MIKE AND DAVE NEED WEDDING DATES
Randka na weselu
2016, USA
komedia
reż. Jake Szymanski
Komedie mają śmieszyć, lecz ponieważ każdego śmieszy co innego, nie da się zadowolić wszystkich. Tym, którzy cenią humor klozetowy, a pojęcie dobrego smaku oraz inteligentnego dowcipu jest całkowicie obce, powinien przypaść do gustu film Randka na weselu nieznanego reżysera o swojsko brzmiącym nazwisku Szymanski. Dwaj niedorośli emocjonalnie bracia, których specjalnością jest rujnowanie rodzinnych uroczystości, zostają zaproszeni na wesele swojej siostry na Hawajach. Rodzice obawiając się kolejnej katastrofy stawiają synom warunek – muszą przyprowadzić stateczne partnerki, które będą czuwały nad ich zachowaniem. Panowie zamieszczają ogłoszenie w internecie, bo przecież dzisiaj nikt inaczej nie potrafi znaleźć sobie towarzyszki, i spośród wielu kandydatek wybierają dwie idealne dziewczyny. Nietrudno zgadnąć, że to tylko pozory – panie są równie szalone i chcą za darmo poimprezować, a gdy ich maskarada wychodzi na jaw, sytuacja szybko wymyka się spod kontroli.
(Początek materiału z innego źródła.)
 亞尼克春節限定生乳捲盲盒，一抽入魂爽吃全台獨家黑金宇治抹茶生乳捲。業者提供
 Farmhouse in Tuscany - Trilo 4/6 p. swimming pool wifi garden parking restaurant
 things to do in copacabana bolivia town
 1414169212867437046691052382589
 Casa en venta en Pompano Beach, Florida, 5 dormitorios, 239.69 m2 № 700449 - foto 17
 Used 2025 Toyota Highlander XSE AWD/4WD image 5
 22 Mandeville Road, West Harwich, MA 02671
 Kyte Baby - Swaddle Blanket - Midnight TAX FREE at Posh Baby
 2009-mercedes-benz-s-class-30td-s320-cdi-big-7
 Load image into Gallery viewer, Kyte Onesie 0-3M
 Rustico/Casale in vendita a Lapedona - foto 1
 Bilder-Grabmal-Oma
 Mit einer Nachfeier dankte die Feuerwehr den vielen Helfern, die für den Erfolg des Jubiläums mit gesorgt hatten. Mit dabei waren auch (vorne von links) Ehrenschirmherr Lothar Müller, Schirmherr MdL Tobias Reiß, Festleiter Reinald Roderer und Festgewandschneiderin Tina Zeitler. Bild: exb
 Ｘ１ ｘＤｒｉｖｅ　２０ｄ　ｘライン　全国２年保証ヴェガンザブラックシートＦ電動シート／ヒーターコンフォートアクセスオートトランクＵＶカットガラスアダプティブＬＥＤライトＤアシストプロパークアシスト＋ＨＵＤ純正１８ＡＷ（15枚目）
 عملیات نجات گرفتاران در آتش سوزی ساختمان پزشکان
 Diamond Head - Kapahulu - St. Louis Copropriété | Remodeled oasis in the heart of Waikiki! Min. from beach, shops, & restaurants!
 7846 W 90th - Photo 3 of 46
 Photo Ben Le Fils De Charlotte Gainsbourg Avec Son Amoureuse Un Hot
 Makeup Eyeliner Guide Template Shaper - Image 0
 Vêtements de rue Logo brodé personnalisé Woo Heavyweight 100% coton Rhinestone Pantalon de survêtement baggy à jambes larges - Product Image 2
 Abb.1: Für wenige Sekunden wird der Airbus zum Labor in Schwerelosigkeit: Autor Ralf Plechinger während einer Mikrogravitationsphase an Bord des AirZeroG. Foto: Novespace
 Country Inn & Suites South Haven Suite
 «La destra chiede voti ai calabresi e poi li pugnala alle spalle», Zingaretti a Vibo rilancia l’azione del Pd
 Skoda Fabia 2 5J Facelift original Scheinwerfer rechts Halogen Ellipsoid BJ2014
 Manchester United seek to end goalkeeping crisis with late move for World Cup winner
Fabuła jak fabuła – idiotyczna i naiwna, ale widziałem gorsze, i nie ona kładzie film, bo w końcu komedie mają prawo trochę naginać rzeczywistość. Tutaj jednak wszystko jest na opak, w dodatku przerysowane i wypaczone ponad granice wytrzymałości. Bohaterowie nie są fajni, nie da się ich polubić (jedynie Zac Efron gra w miarę normalną postać), brakuje miedzy nimi chemii, grają drętwo i sztucznie dostosowując się poziomem do żenującego scenariusza pełnego rynsztokowych dowcipów i zachowań. To odziera obraz z autentyzmu – w efekcie widzowi trudno uwierzyć, że niegrzeczne panie są rzeczywiście tak niegrzeczne, a chłopaki potrafią zepsuć najważniejszy dzień w życiu ich ukochanej siostry (która notabene też okazuje się nie do końca wiarygodną osobą). Co gorsza, nie zadbano nawet o ekranową estetykę – zwykle tego typu produkcje aż kipią od atrakcyjnych, seksownych pań i przystojnych, czarujących młodzieńców, tutaj bohaterki nawet nie są ładne, a sam Efron to znów trochę za mało. Czy są zabawne momenty? Owszem, są, może ze dwa czy trzy, ale wracam do wstępu – każdego bawi co innego. Nie ma tu za grosz oryginalności, twórcom zabrakło dobrych pomysłów, a reżyserowi talentu, by to wszystko tak poskładać, żeby całość bardziej bawiła niż irytowała. Ja stanowczo odradzam, ale znając przaśny humor i niezwykle „wyrafinowany” gust Polaków, Randka na weselu z pewnością znajdzie wielu obrońców.